**Instructions to follow**
Among the lines below, the one containing "Ragazza sul bellissimo prato Foto Stock" opens the range and the one containing "Genç kız cep telefonu ile mesaj gönderiyor" closes it. Print that range exactly, without the pictures.

**Working data**
^^^^

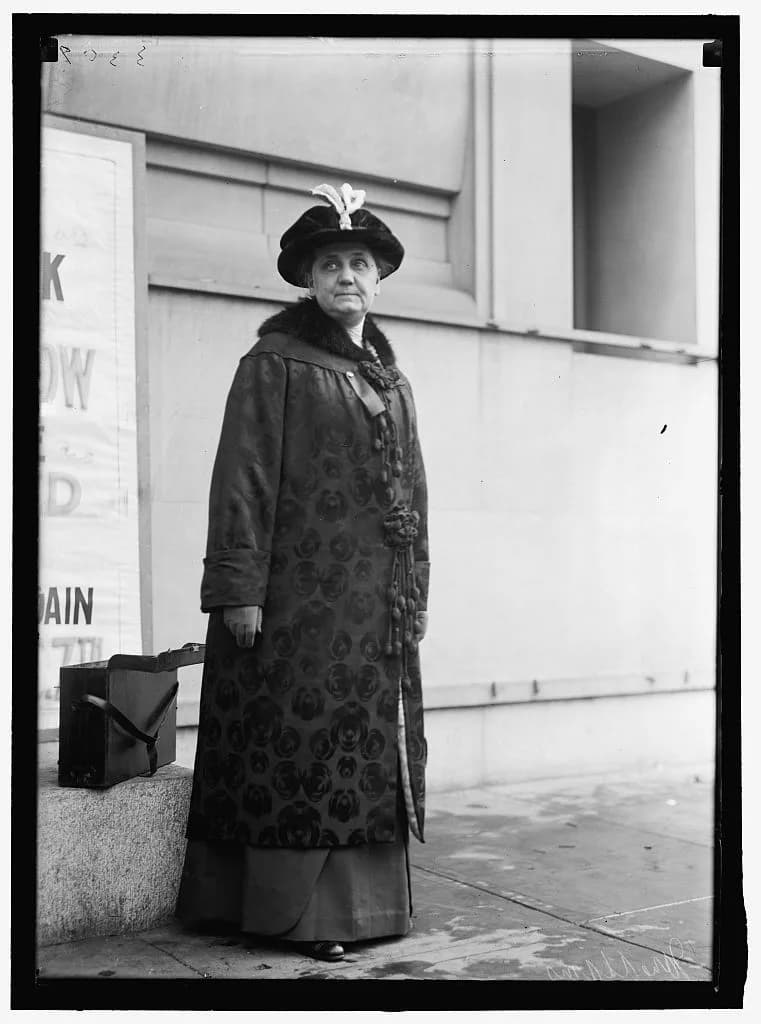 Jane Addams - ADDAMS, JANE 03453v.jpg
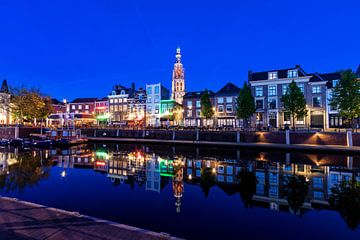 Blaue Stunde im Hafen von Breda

^^^^

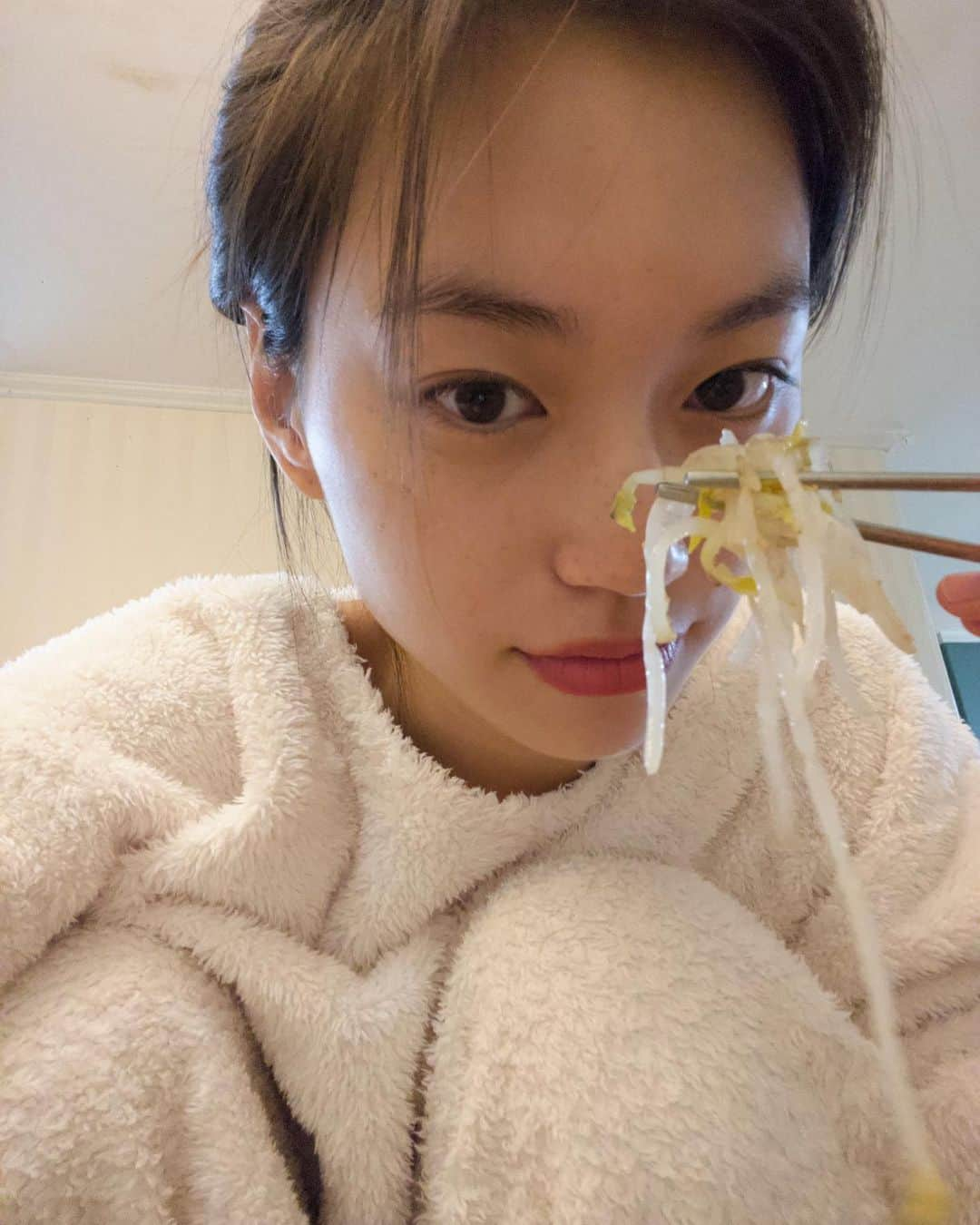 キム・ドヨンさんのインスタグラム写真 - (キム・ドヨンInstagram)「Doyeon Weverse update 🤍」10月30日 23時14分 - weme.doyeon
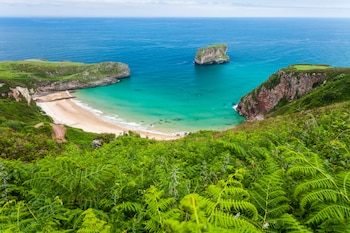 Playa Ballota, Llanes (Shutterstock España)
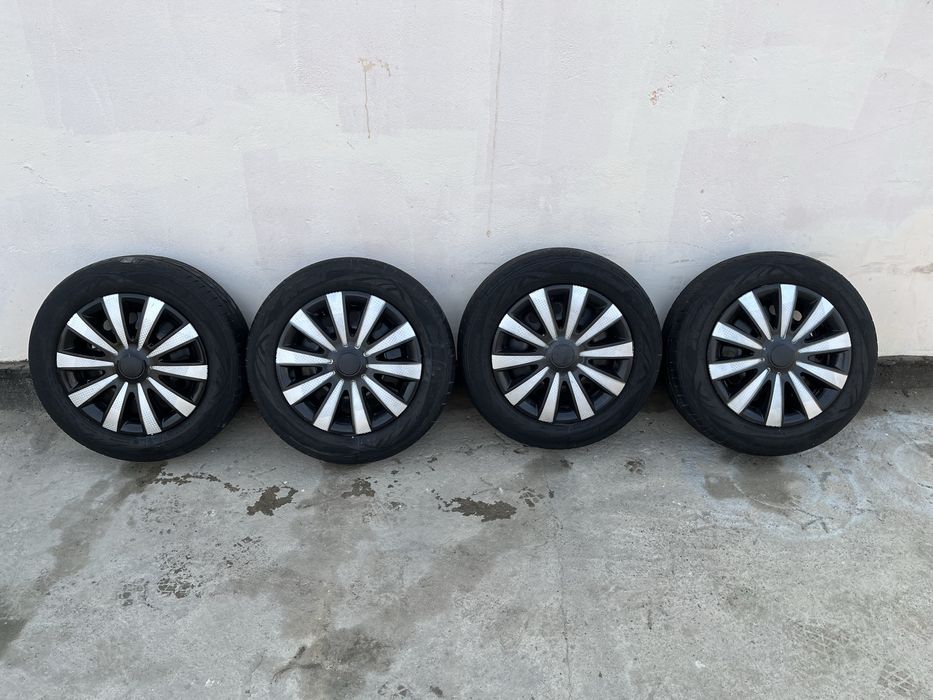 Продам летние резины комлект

^^^^

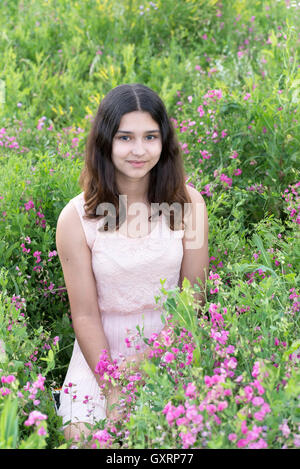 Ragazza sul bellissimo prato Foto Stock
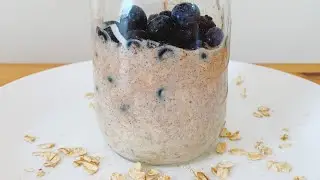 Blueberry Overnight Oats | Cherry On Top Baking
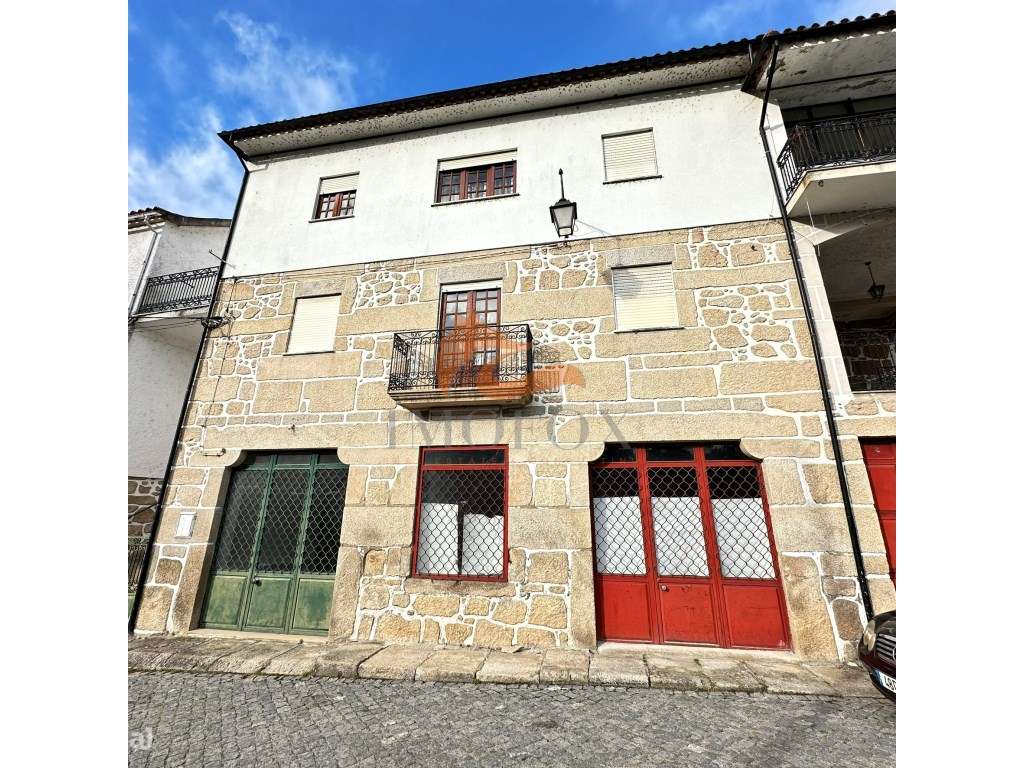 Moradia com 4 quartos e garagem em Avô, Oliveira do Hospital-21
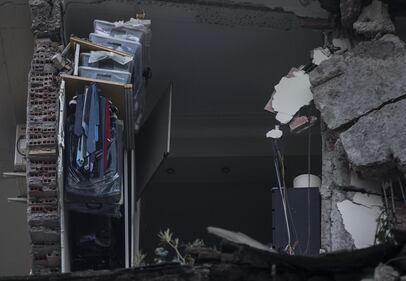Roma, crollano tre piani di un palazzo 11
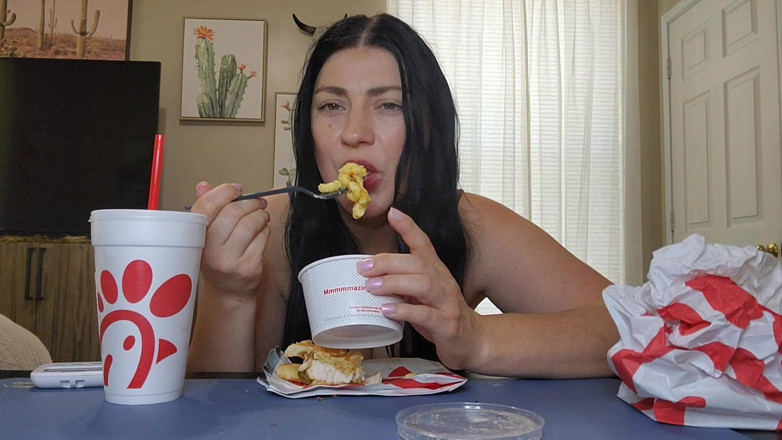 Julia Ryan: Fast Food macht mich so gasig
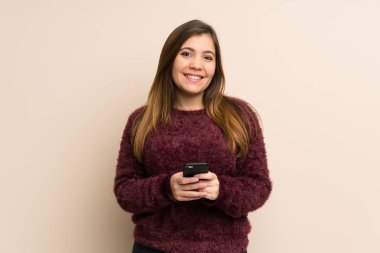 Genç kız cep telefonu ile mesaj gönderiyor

^^^^

**Response**
 Ragazza sul bellissimo prato Foto Stock
 Blueberry Overnight Oats | Cherry On Top Baking
 Moradia com 4 quartos e garagem em Avô, Oliveira do Hospital-21
Roma, crollano tre piani di un palazzo 11
 Julia Ryan: Fast Food macht mich so gasig
 Genç kız cep telefonu ile mesaj gönderiyor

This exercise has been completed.